Find domains along the length of this protein sequence using Interpro. The output from this exercise should be a screenshot displaying the domains in the protein. Feel free to use other domain detection/prediction tools as well. You can supplement your report with prediction from additional tools. Do the various tools consolidate your results or are there differences? Do the predicted domains tell you anything about the protein?
Predict the secondary structure of the protein. Use at least 2 different secondary structure prediction tools and discuss if the predicted secondary structures are in agreement with each other or not. What, if any, is the relationship between the predicted secondary structures, conserved regions, and predicted domains?

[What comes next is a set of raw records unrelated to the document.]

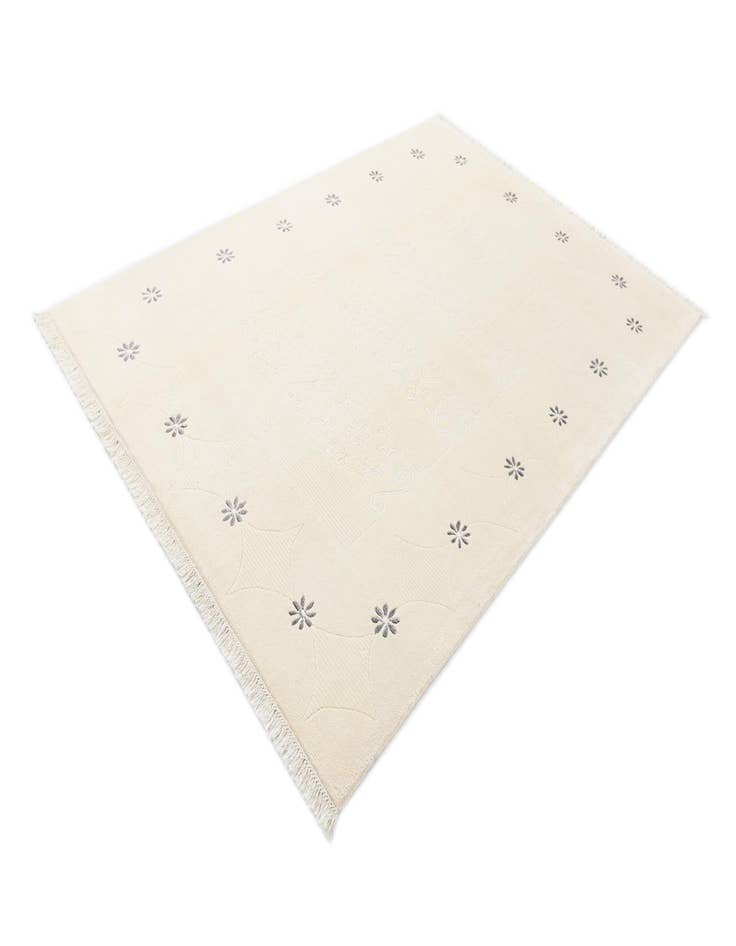 Detail image of  5' 8 x 8'  Hand Knotted Darya Rug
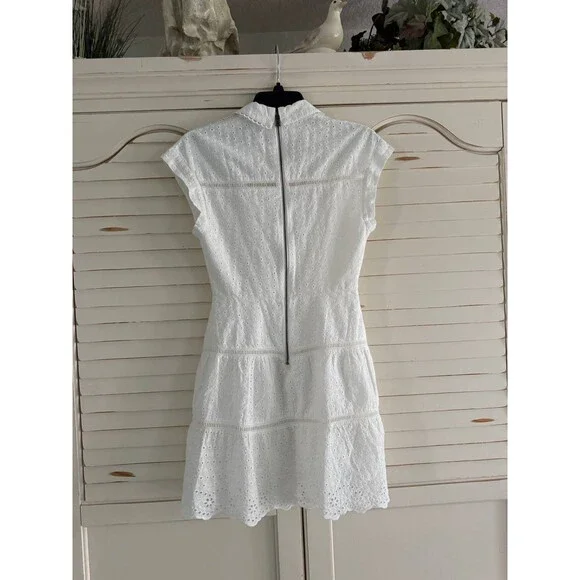 Alice + Olivia Mila Eyelet Deep V-Neck Mini Dress Off White Size 4 NWT - Picture 7 of 7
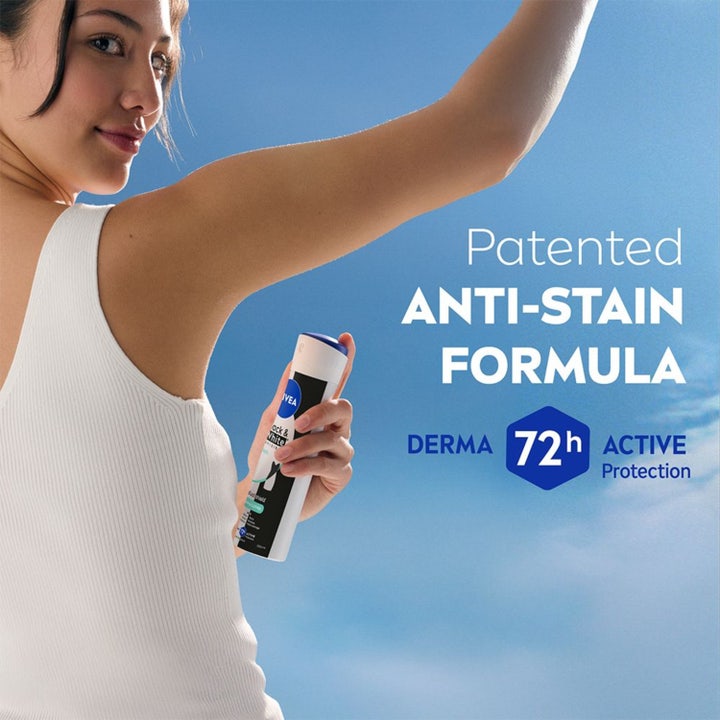 NIVEA Black & White Fresh Spray 150 ml og Roll-on som gir 48 timers beskyttelse mot lukt og flekker.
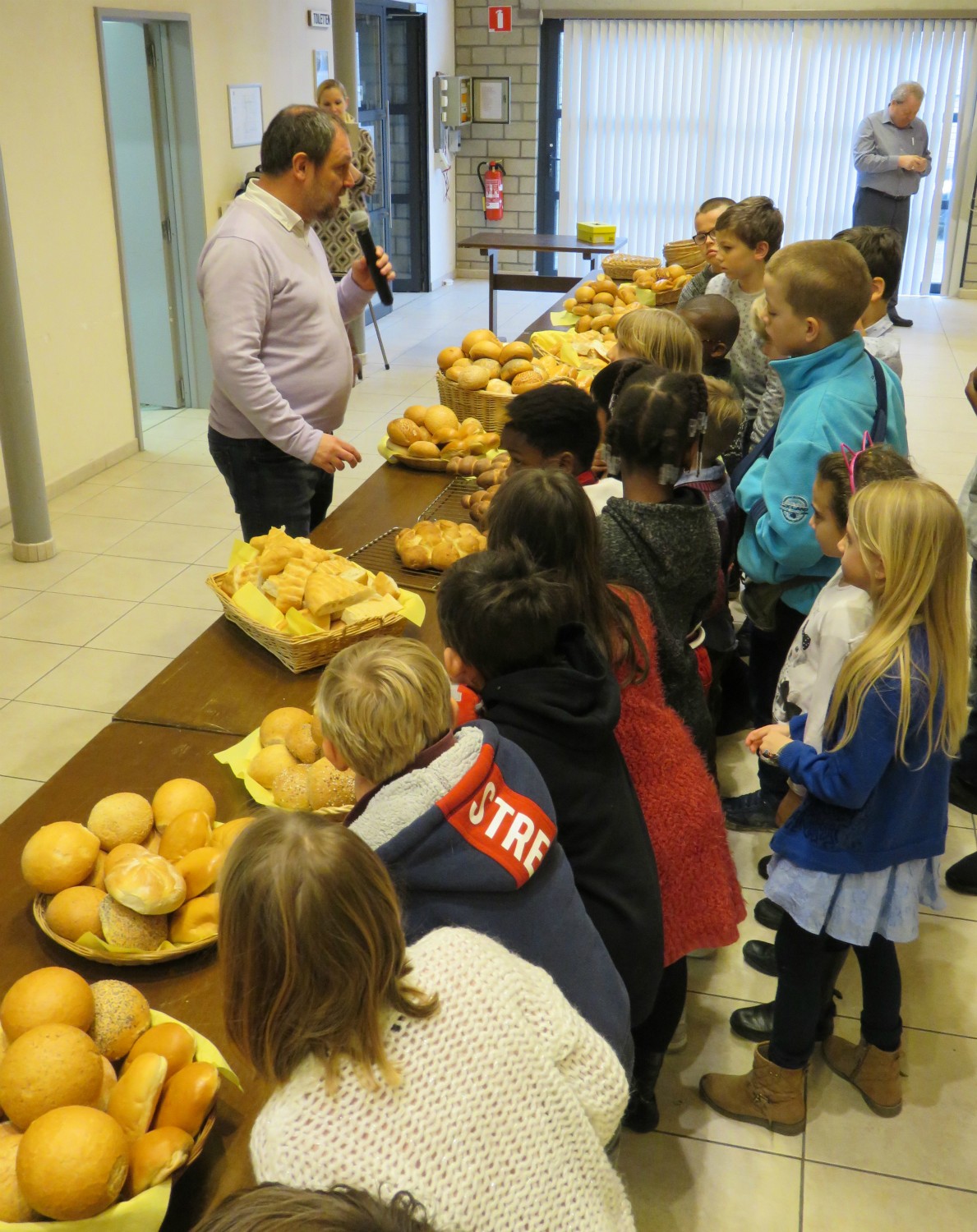 Herman zegent het brood alvorens aan tafel te gaan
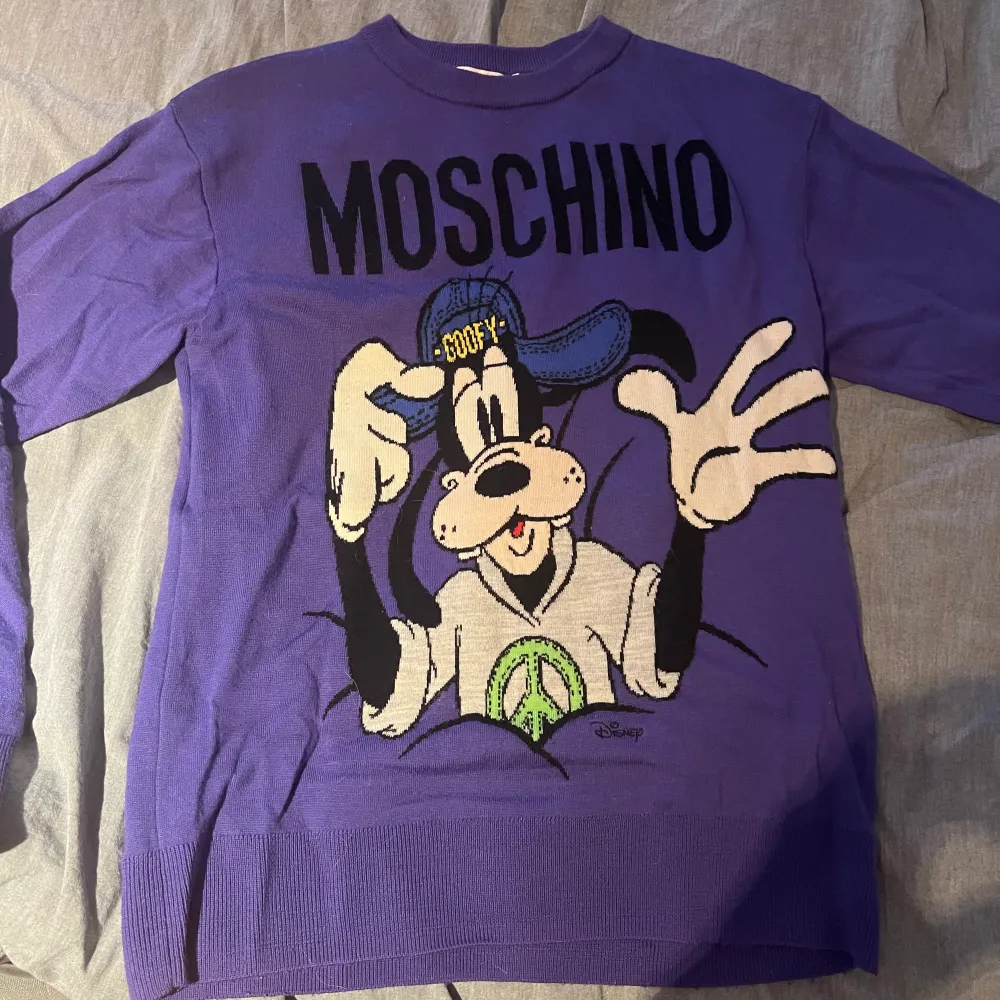 Moschino tröja jag fick pga av jobbet då familjen är klädes designer. Bara använd ett par få gånger och i super skick. Vet ej ny pris men säljer därför billigt. Stickat.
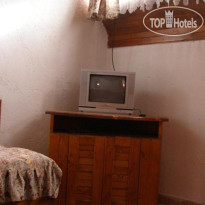 Starata Loza Guest House 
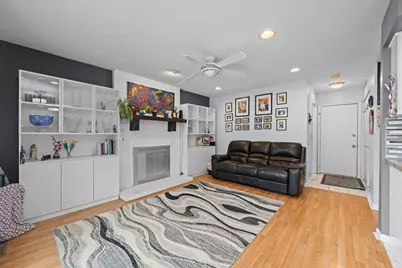 209 Alpine Drive, Vernon Hills, IL 60061 - Photo 5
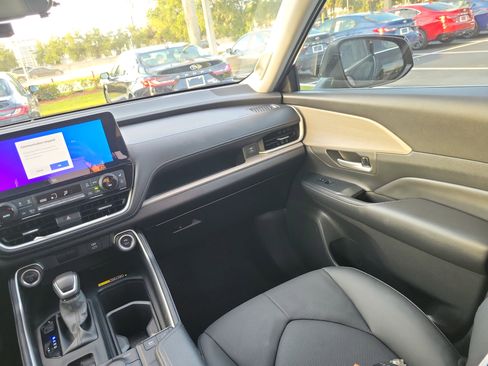 Used 2024 Toyota Grand Highlander Limited AWD/4WD image 17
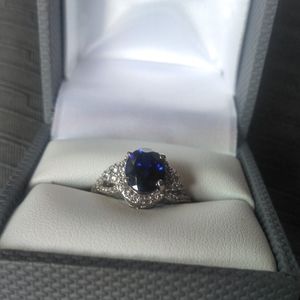 Nwot sleeping silver sapphire ring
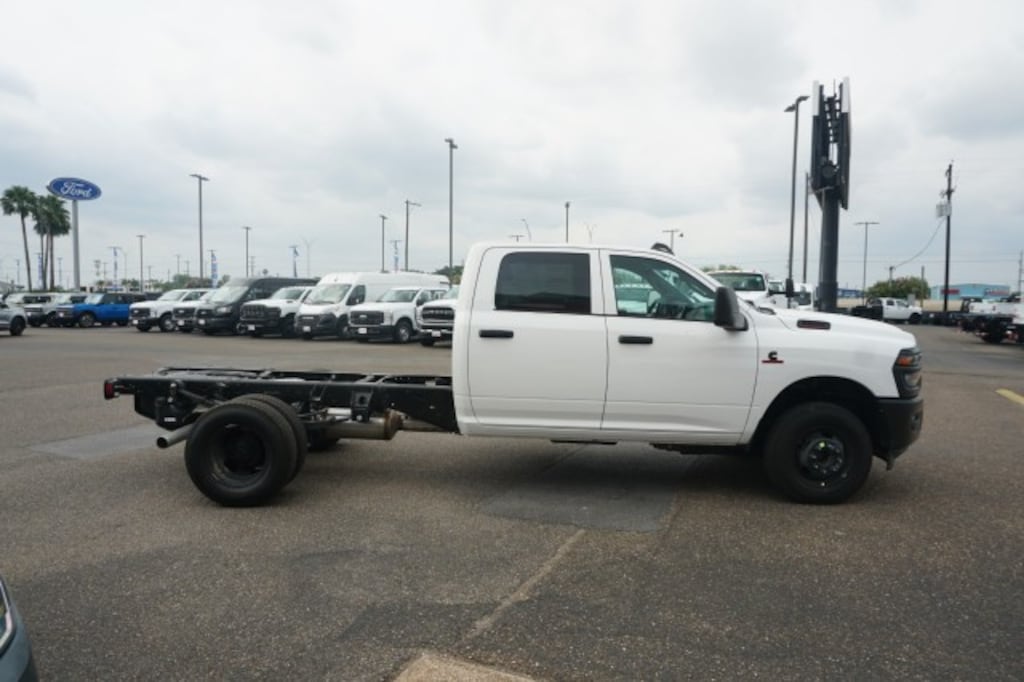 New 2026 Ram 3500 Chassis Cab TRADESMAN CREW 4X4 60' CA Pickup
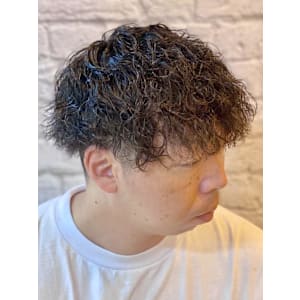 ツイストスパイラルパーマ - 銀座マツナガ 新宿野村ビル店【ギンザマツナガ シンジュクノムラビルテン】掲載中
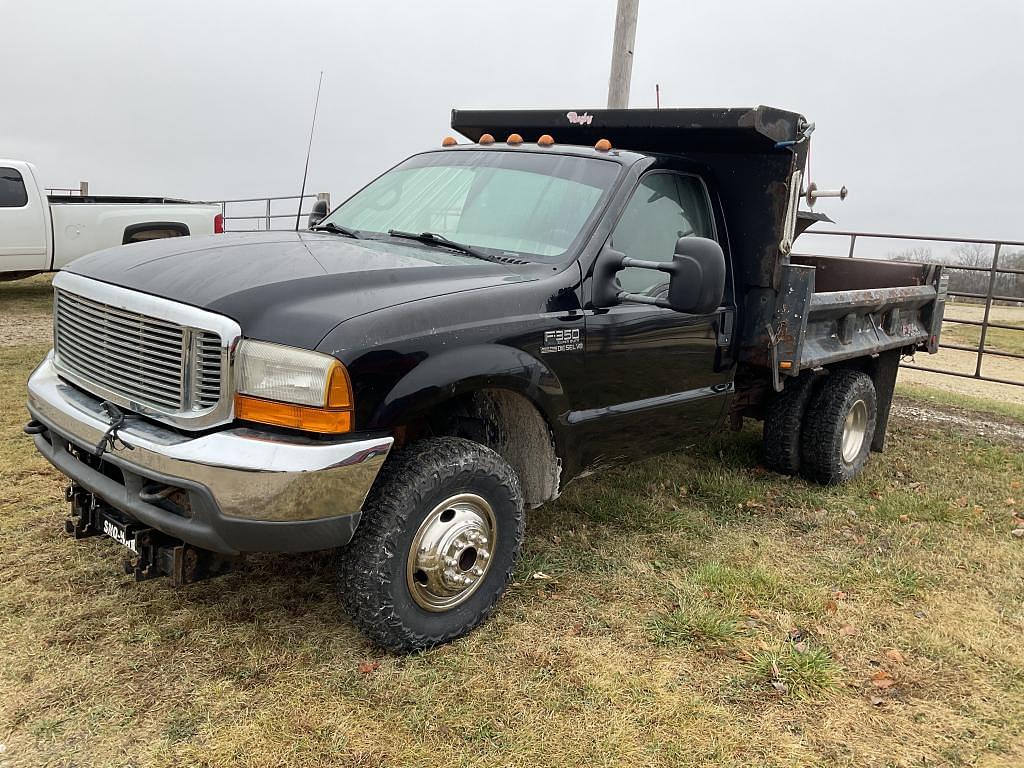 Image of Ford F-350 Primary image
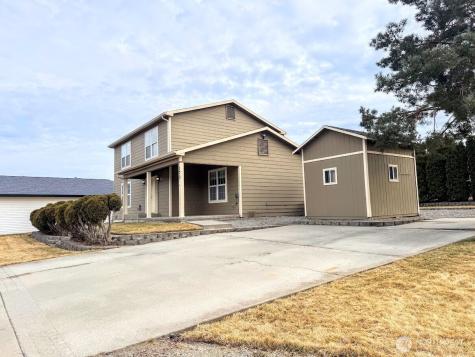 170 Lakeview Avenue Orondo WA 98843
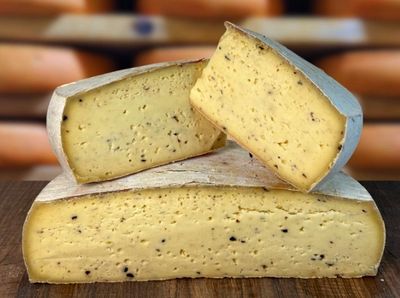 Raclette de Montagne au lait cru Forestière 6kg, vendu en gros par Auclair Négoce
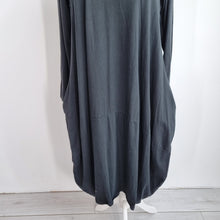 Load image into Gallery viewer, Diverse Italy Midi Dress Lagenlook One Size Balloon Black Pockets Jersey Cotton
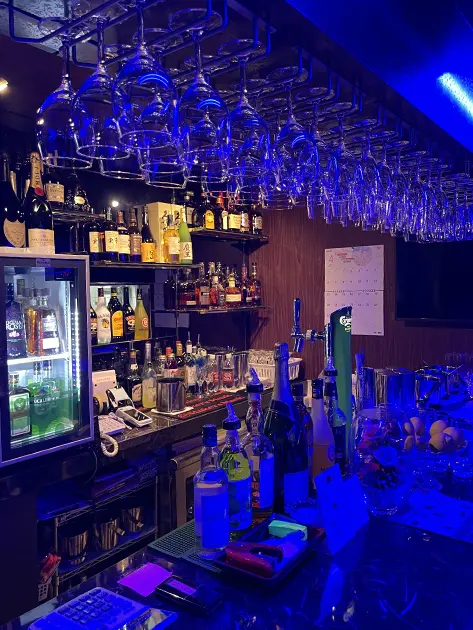 多国籍パブ・マンゴ・店内写真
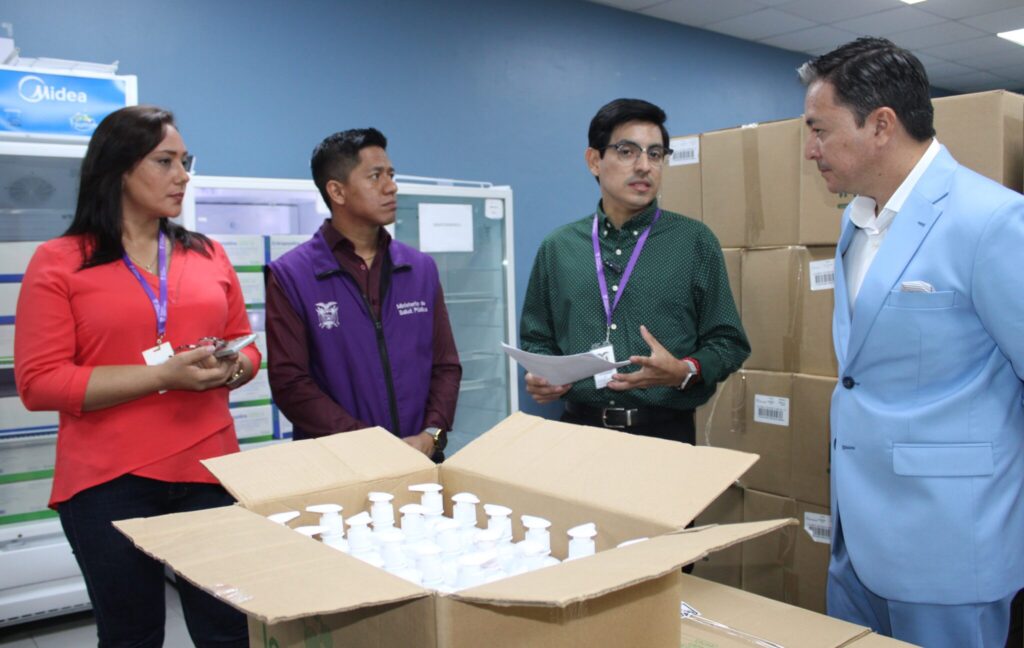 Gobierno de Noboa fortalece prevención de infecciones con nuevo lote de medicamentos para el Hospital Teófilo Dávila de Machala por USD 72 mil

Predict the three-dimensional structure of the protein. This is done using Swiss-Model and AlphaFold. Discuss some of the details of the predicted tertiary structures. If this is a good structure (based on some of the metrics that we have covered such as Ramachandran Plot). It could also be that someone already determined the 3D structure of your protein. Report this information accordingly.
Report some insights about this gene from databases - what are the functions of this gene, is this gene associated with any disease, does this gene have a mouse homolog and if yes, have researchers created a mouse knockout of this gene to model a disease?
More specifically, I am looking for a two-page summary about the gene assigned to you. Genecards is a good starting point but please do not copy the text from Genecards. The purpose of this task is that you learn about one human gene - what it does in terms of its molecular function, whether it is implicated in disease. Furthermore, you could look for information related to your gene on OMIM database. Is there something about this gene that you find fascinating?
A graphic that describes the function of the gene together with its implication in a human disease and if there are drugs that target this gene would be a nice addition to answer this part of this assignment. If you pulled out the information about the gene assigned to you from scientific literature (which should be the case ideally), please also add references at the end of this section of this assignment.
Summary section (conclusion) - You may conclude the assignment by writing a one-page summary of the gene assigned to you. Ideally this section should contain conclusions from tasks 1-9 listed above.
Try to put all your results together in a word document (convert this word to a pdf file), stick to the following naming convention (StudentID_Assignment2) and submit your assignment to BrightSpace. In addition, you need to submit the multiple sequence alignment file as a ".txt" file.